I would be remiss if I did not note that this was the twentieth anniversary of 9/11. I have very confused emotions about that day and its images due to its interconnectedness with my own private grief. Steve had died on August the first of 2001. It was not unexpected. He had been quite ill with his interstitial lung disease for some time and I had been taking care of him at home along with his paid caregiver Tameka (who was there when I was at work) and hospice services. When his battle was finally over, I decided to take two months off of work with a planned return on the first of October. I wrapped up the affairs that I had to right away, and then I loaded the car and headed out of town. I had no specific itinerary. I’d just been cooped up in the house for a couple of years in my 30s, unable to go much of anywhere other than work. I made a long meandering drive cross country, using the opportunity to connect or reconnect with various friends, eventually ending up in Southern California where I scattered Steve’s ashes in the Anza-Borrego desert (his favorite place on the planet). Well, there’s a very long convoluted story about that which I’ve written up before and which I won’t repeat now. I then headed north to Seattle to spend some time with the family, arriving in early September. I was staying at my brother’s house, sleeping in. He was at work, my sister-in-law was downstairs with my then two year old niece dealing with toddler breakfast things and she flipped on the news. Shriek and then yells up the stairs that I had to get up and see what was happening. She and I stayed glued to the television all morning, watching the drama unfold as the towers burned and collapsed.

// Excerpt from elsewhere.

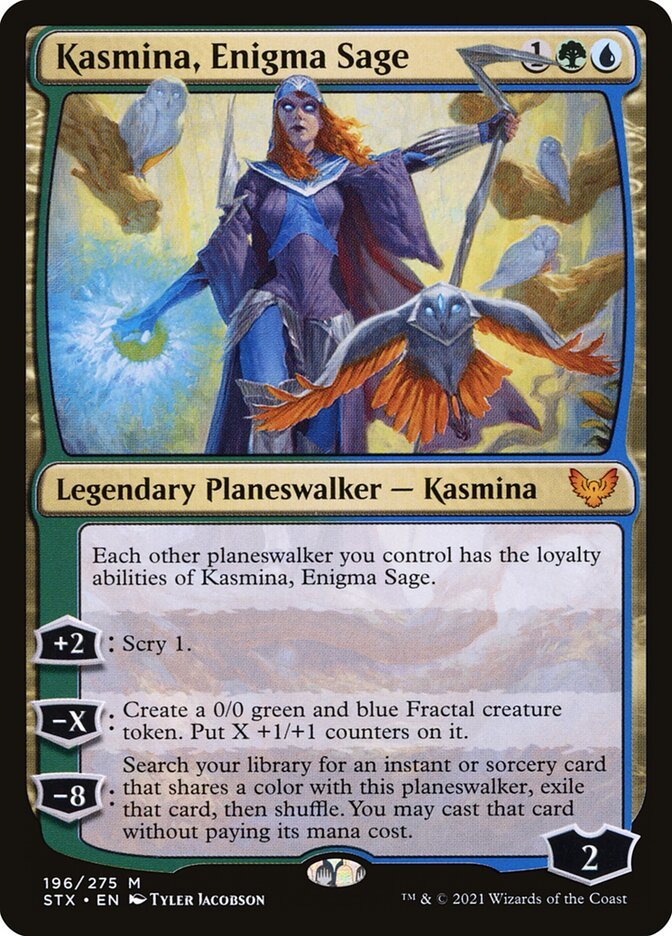 Kasmina, Enigma Sage Artist's Proof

Over the course of the next week or so, I flew to Alaska to see my old college roommate (I had been slated to fly out on the 12th but of course that didn’t happen), drove back across the country and ended up in Manhattan about two weeks later. The haze was still in the air. The flyers were still affixed to walls. The smell, a mixture of burning electrical systems and pulverized stone was endemic. I mourned for Steve. I mourned for the ugly scar in my beloved Manhattan. I mourned for the thousands dead and tens of thousands whose lives were uprooted by the tragedy. Even to this day, I cannot separate my grieving for Steve from my grieving for the country. I had hopes that such a national tragedy might unite us and make us stronger. Instead, as we all know, those sentiments were hijacked by the military industrial complex into fruitless conflicts across the globe which made elites wealthy and drained national wealth away from poorer classes helping exacerbate the economic conditions which leave us so riven.
I was wondering today what Steve might have made of this trip. He would have complained about the food (fortunately, McDonalds is close by and I could have sent him there). He would have complained about too much walking on cobblestones. He would have loved the weather and the boat ride. He could have done without the winery. He was seventeen years sober when I met him, and thirty years sober when he died and was prouder of that accomplishment more than anything else. Tommy, on the other hand, would have loved the winery. He never passed up a winery or a wine tasting if he could help it. As a super taster, he could identify all of the notes in a good wine. I can’t do it and he would always make fun of me for that genetic imperfection. The only time I remember him having an issue with wine was on one of our trips to Northern California. We drove up to Napa. He was having a snit about something (at this point I have no idea what) and, even though we stopped at several wineries, I could barely get him out of the car and he was sullen in the tasting rooms. Even a little alcohol in the system didn’t help. He made up for it on other trips where we went out of our way for Washington and Oregon wineries and Biltmore Vineyards in Asheville was a habitual stop.
Enough for tonight. On to the morrow. I have my hand sanitizer, my masks, and my CDC card all ready to go in my day bag.